This article explains how to use machine learning and deep learning models on handheld devices like mobile phones and Raspberry Pi. It is intended for research scholars, faculty members and students interested in using these models on handheld devices employing TensorFlow Lite.
Mobile devices are a huge part of our lives. Empowering mobile devices with machine learning (ML) models helps in building more creative and real-time applications. TensorFlow Lite is a framework developed by Google that is open source, product-ready and cross-platform. It is used to build and train ML and deep learning (DL) models on mobiles, as well as on embedded and IoT devices. This specially designed framework converts the pre-trained model, which resides within TensorFlow, to a specific format that is suitable for handheld devices by considering the speed and storage optimisation need. This format works well for mobile devices with Android or iOS, or Linux based embedded devices like microcontrollers or Raspberry Pi. Deployment of pre-trained models on mobile devices makes it convenient to use them at a certain time.

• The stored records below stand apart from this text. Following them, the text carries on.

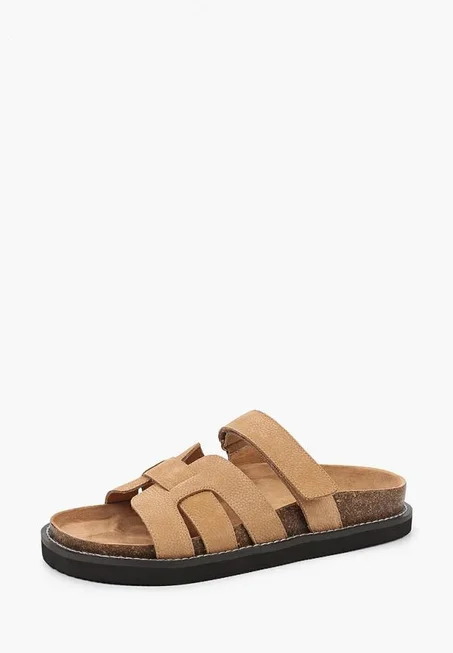 صندل أريزونا الكلاسيكي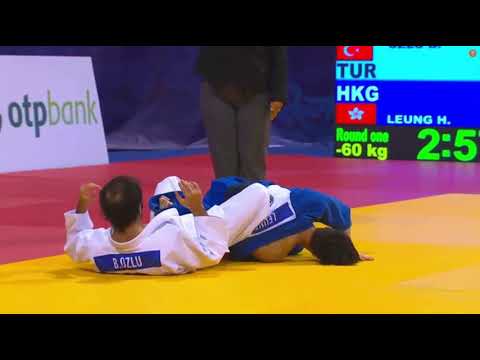 BEKIR OZLU *BETKILI SHUKVANI*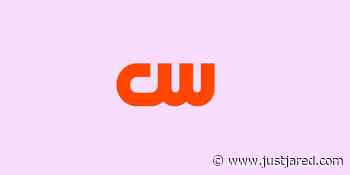 The CW Renews 1 TV Show, Cancels Another & Announces a Huge Fan Favorite Is Ending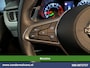 Nissan Townstar 1.3 TCe 131pk Benzine L1H1 Euro6 Airco | Camera | LED | Apple Carplay | Cruisecontrol Parkeersensoren, 1500kg trekvermogen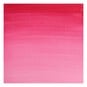 Winsor & Newton Cotman Permanent Rose Watercolour Tube 8ml (502) image number 2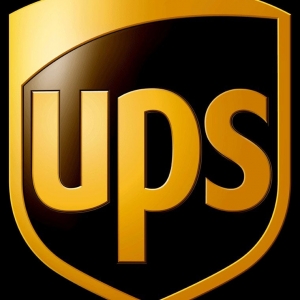 Miami Beach Postal Place Enterprise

Features of ML/DL models used in mobile devices
1. Low latency: Deploying deep learning models on mobile devices makes them convenient to use irrespective of network connectivity, as the deployed model with a suitable interface eliminates a round trip to the server and helps access the functionality faster.
2. Lightweight: Mobile devices have limited memory and computation power, so DL models deployed on the mobile device have smaller binary size and are lightweight.
3. Safety: The interface made for the deployed model on the mobile device is accessible within the device only. As it shares no data outside the device or network, there is no data leak issue.
4. Limited power consumption: Connection to an external network demands maximum power on the mobile device. However, a model deployed on a handheld device does not demand a network connection; hence, the power consumed is lower.
5. Pre-trained model: A pre-trained model can be trained on high computing infrastructure, i.e., a GPU or on cloud infrastructure, for several tasks like object detection, image classification, natural language processing, etc. This pre-trained model can be converted and deployed to mobile devices across different platforms.
Figure 1 illustrates the workflow of TensorFlow Lite.
Model selection and training
Model selection and training is a crucial task for solving classification problems. There are several options available that can be used for model selection and training:
- Build and train a custom model using an application-specific data set.
- Apply a pre-trained model like ResNet, MobileNet, InceptionNet, NASNetLarge that is already trained on the ImageNet data set.
- Train the model using transfer learning for the desired classification problem.
Model conversion using TensorFlow Lite
A trained model can be converted to the TensorFlow Lite version. TensorFlow Lite is a special model format that is lightweight, accurate and suitable for mobile and embedded devices. Figure 2 depicts the process of conversion to TensorFlow Lite.
Using the TensorFlow converter, the TensorFlow model is converted to a flat buffer file that is called a .tflite file, which is deployed to mobile or embedded devices.
The trained model after the training process is required to be saved. The saved model is an architecture that stores different information in a single file. The information is related to weights, biases and training configuration. Sharing and deploying the model becomes easy with the saved model. The following code is used to convert the saved model to TensorFlow Lite:
#save the model after compiling model.save(‘test_keras_model.h5’) keras_model= tf.keras.models.load_model(‘ test_keras_model.h5’) #conver the tf.keras model to TensorFlow Lite model converter = tf.lite.TFLiteConverter.from_keras_model(keras_model) tflite_model = converter.convert()
Model optimisation
An optimised model demands less space and resources on handhelds like mobile and embedded devices. Therefore, TensorFlow Lite uses two special approaches — quantization and weight pruning — to achieve model optimisation. Quantization makes the model lightweight. It refers to the process of reducing the precision of the numbers that are used to present the different parameters of the TensorFlow model. Weight pruning is the process of trimming those parameters in the model that have less impact on the overall model performance.
Making an inference to access a model on a mobile device
As mentioned above, a TensorFlow Lite model can be deployed on many types of handheld devices. However, for that, the following steps need to be taken to create a mobile interface to access the model:
- With the model, initialise the load interpreter.
- Assign the tensors, and obtain input and output tensors.
- Read and pre-process the image by loading it into a tensor.
- Use and invoke an interpreter that makes the inference on the input tensor.
- Generate the result for the image by mapping the result from the inference.